For soil S2 and all the S1- and S2-mixtures, k_sat was determined using rigid-wall, compaction-mold permeameters (according to ASTM D5856-95 [34]) by applying test method B (constant tailwater level). This test method can be used on laboratory compacted specimens having a hydraulic conductivity below or equal to 1 × 10⁻⁵ m/s. ASTM D5856-95 standard [34] recommends that the permeameter inner diameter (D) be equal to or larger than 6 times the maximum grain size (d_max) of the specimen (i.e., D/d_max ≥ 6) to prevent segregation of the materials and to reduce the formation of preferential paths on the walls. Based on the GSD curves presented in Section 2.1, d_max was 10 mm for the S1-mixtures and 72 mm for soil S2 and the S2-mixtures, indicating that a permeameter diameter D ≥ 60 mm and ≥432 mm should be used, respectively. The compaction molds available in the laboratory had diameters of 116.4 mm and 152.4 mm. For the S1-sludge mixtures, compaction procedure A was selected for the molds with diameters of 116.4 mm and 152.4 mm (D/d_max=10mm ≈ 12 and 15, respectively). For soil S2, the granular fraction passing the 14 mm sieve (i.e., soil S2-U, with only about 10% retained on the 4.75 mm sieve; see Section 2.1) and the derived soil-sludge mixtures were compacted in molds with diameter of 152.4 mm (D/d_max=14mm ≈ 11) following procedure A. Five tests were performed on each sample and the arithmetic mean was used as the average k_sat value.
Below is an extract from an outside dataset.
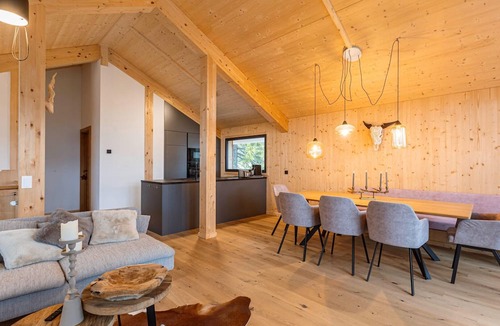 Predlitz-Turrach Ski Chalet | Beautiful Chalet With Sauna and hot tub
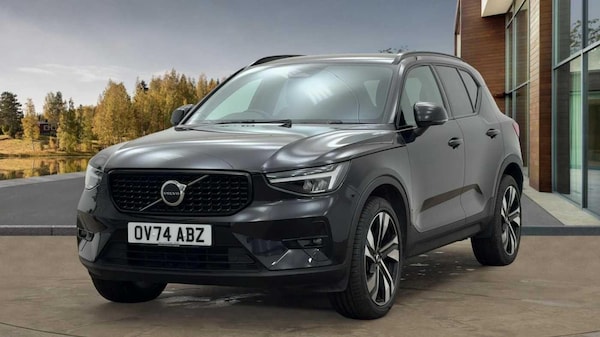 Used Volvo XC40 2024 for sale - 76246919: Photo 8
The saturated hydraulic conductivities (k_sat) were determined for the soils S1 and S2 compacted to a compaction ratio of 98% on the wet side of the Proctor curve. Soil-sludge mixtures were compacted at the highest sludge content (β) corresponding to 98% of the maximum dry density obtained on the compaction curve when varying β, as described in the previous section. Details on the selected mixtures tested are presented in Section 3.4.
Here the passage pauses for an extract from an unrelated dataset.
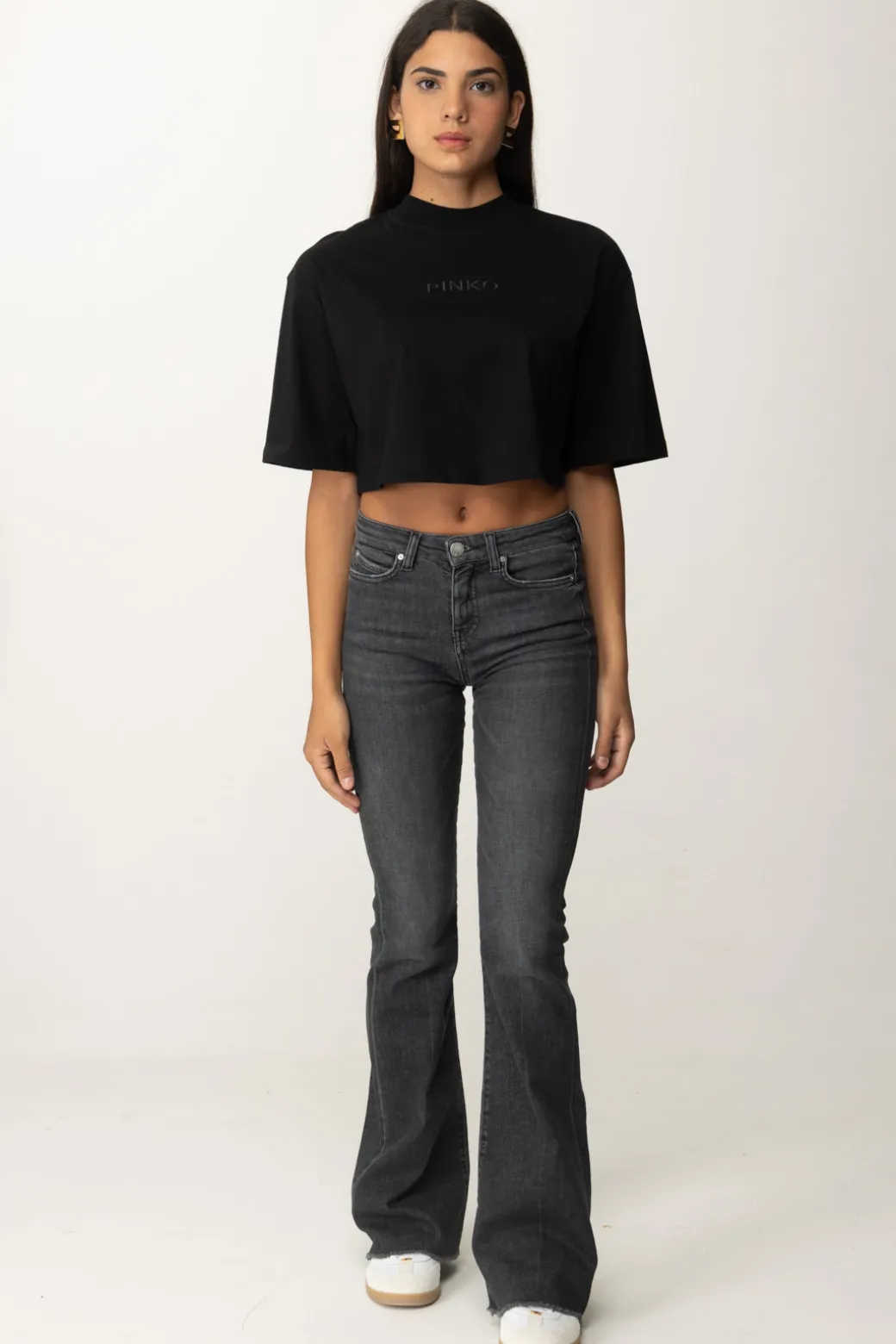 pinko_tshirt_crop_over_con_ricamo_logonero_limousine_5.webp Donna Pinko T-shirt Crop Over con Ricamo Logo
The water retention curves (WRCs) were determined for soil S1 in a column according to ASTM D6836-16 [35]. Considering potential suction-induced volume change or shrinkage in soils containing a fine fraction, the WRCs of soil S2 and all soil-sludge mixtures were obtained using a 100-bar (10,000 kPa) pressure plate extractor (Soilmoisture Equipment Corp., Goleta, CA, USA) according to ASTM D6836-16 [35]. Shrinkage can be expressed in terms of change of porosity (n) or void ratio (e) with respect to the suction (Ψ), i.e., n(Ψ) or e(Ψ) [36]. In the case of suction-induced volume change, a representative air entry value (AEV) must be determined on the WRC expressed in terms of variation in the degree of saturation S_r(Ψ) instead of the volumetric water content θ(Ψ) [36]. The 100-bar pressure plate extractor is provided with a dozen soil sample retaining rings of 50 mm inner diameter and 10 mm height. After each applied pressure level, a ring can be removed and used to determine the volume of the sample, i.e., n(Ψ). However, these rings are best suited for fine materials and not for soil S2 or mixtures that contain coarse particles (up to 70 mm). In accordance with hydraulic conductivity tests, larger and thicker soil sample retaining rings were required to prevent segregation of the material and to reduce the formation of preferential paths during fluid flow. Hence, rings of 90 mm inner diameter and 30 mm height were used. The maximum particle size was then limited to 14 mm (D/d_max = 6.4) instead of 70 mm. Given the inner volume of the extractor, only two samples could be tested simultaneously. Details on the selected mixtures tested are provided in Section 3.5.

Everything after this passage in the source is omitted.